(Short text fragments from websites)
• • • • • • •

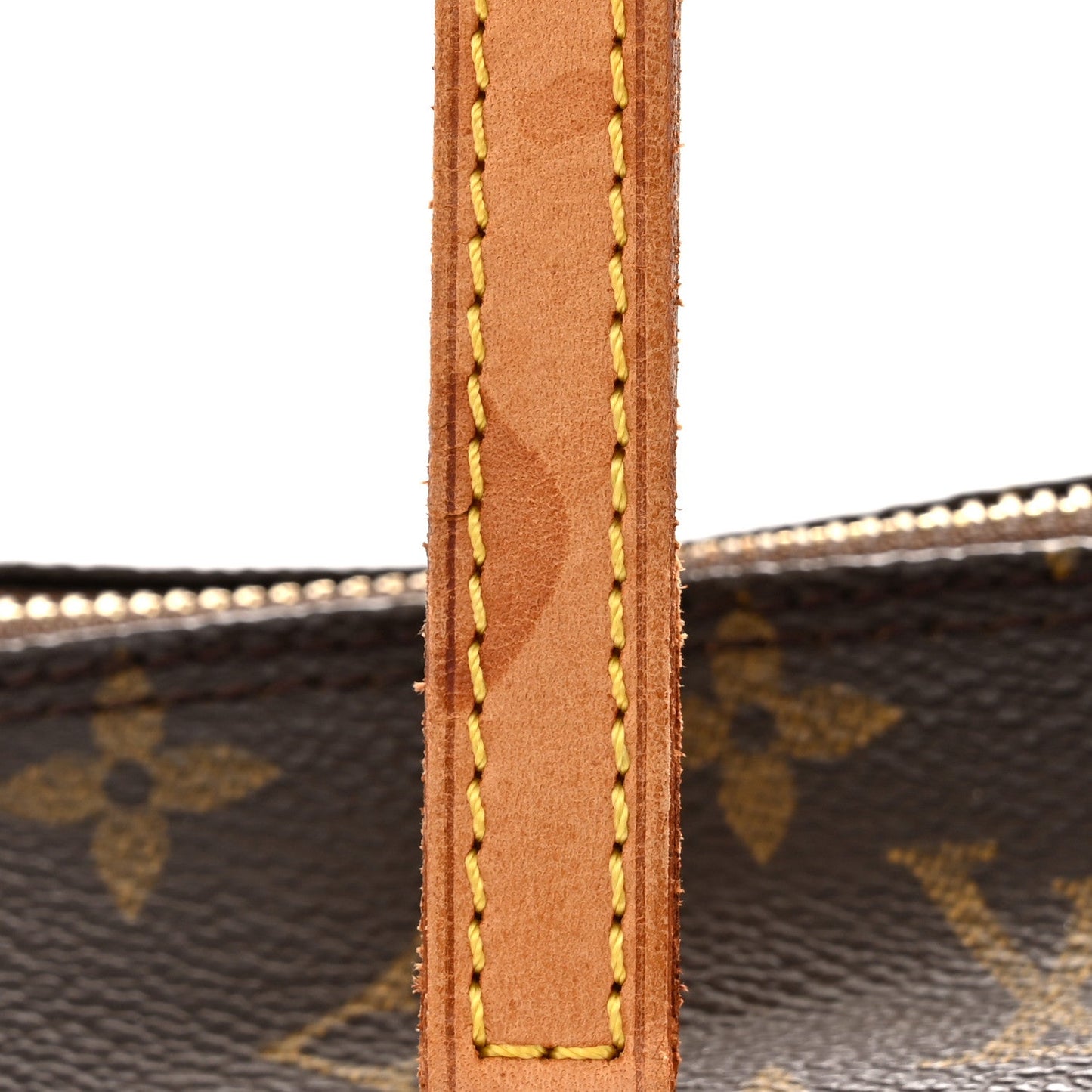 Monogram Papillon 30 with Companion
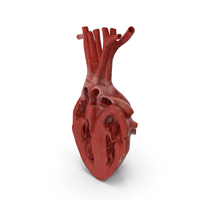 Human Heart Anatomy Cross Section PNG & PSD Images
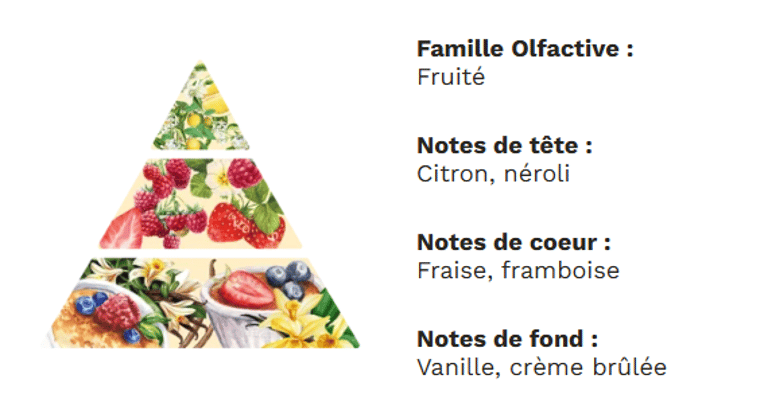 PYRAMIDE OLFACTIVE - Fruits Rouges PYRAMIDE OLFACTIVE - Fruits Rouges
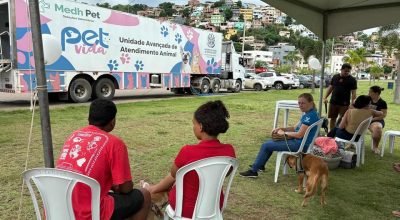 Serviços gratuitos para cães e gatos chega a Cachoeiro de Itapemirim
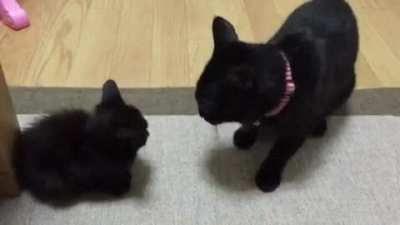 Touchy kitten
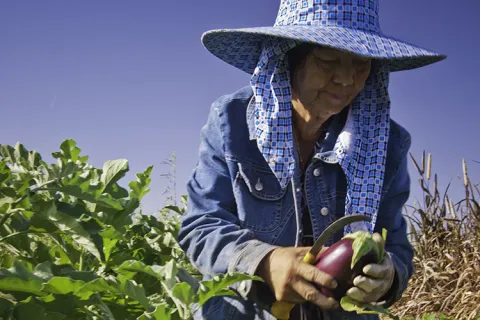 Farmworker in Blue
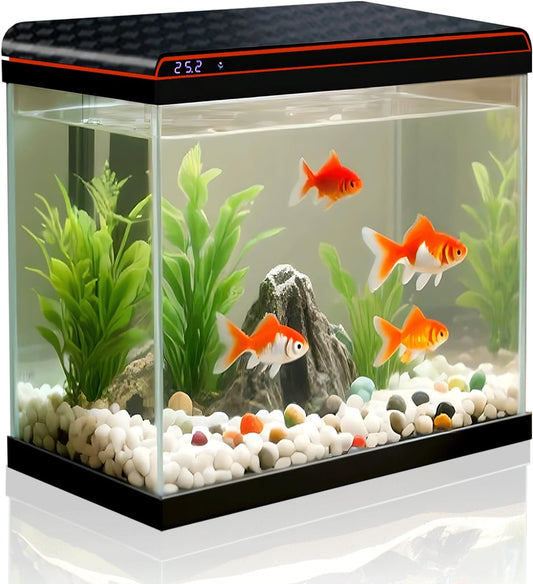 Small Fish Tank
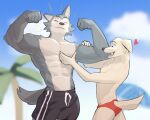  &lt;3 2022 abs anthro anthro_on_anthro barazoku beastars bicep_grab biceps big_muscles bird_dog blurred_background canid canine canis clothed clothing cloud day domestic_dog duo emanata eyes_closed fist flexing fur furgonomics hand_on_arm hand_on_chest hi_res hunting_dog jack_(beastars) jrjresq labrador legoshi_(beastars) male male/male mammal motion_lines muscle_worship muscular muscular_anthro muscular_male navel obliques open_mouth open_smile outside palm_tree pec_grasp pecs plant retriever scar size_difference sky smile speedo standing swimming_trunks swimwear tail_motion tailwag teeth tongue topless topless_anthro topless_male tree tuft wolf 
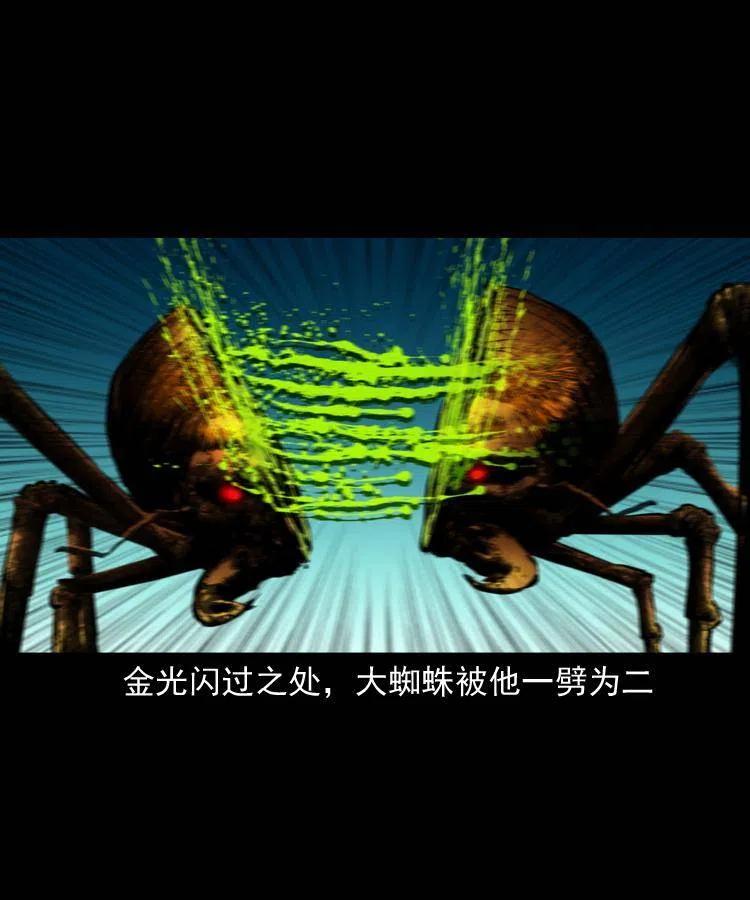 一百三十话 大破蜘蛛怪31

• • • • • • •

- [Instructions for the task]:
Although the records above contain pictures, the copy should hold only the lines from their start through the line containing "Small Fish Tank", each exactly as written, and none of the pictures.

- [Expected answer]:
 Monogram Papillon 30 with Companion
 Human Heart Anatomy Cross Section PNG & PSD Images
 PYRAMIDE OLFACTIVE - Fruits Rouges PYRAMIDE OLFACTIVE - Fruits Rouges
 Serviços gratuitos para cães e gatos chega a Cachoeiro de Itapemirim
 Touchy kitten
 Farmworker in Blue
 Small Fish Tank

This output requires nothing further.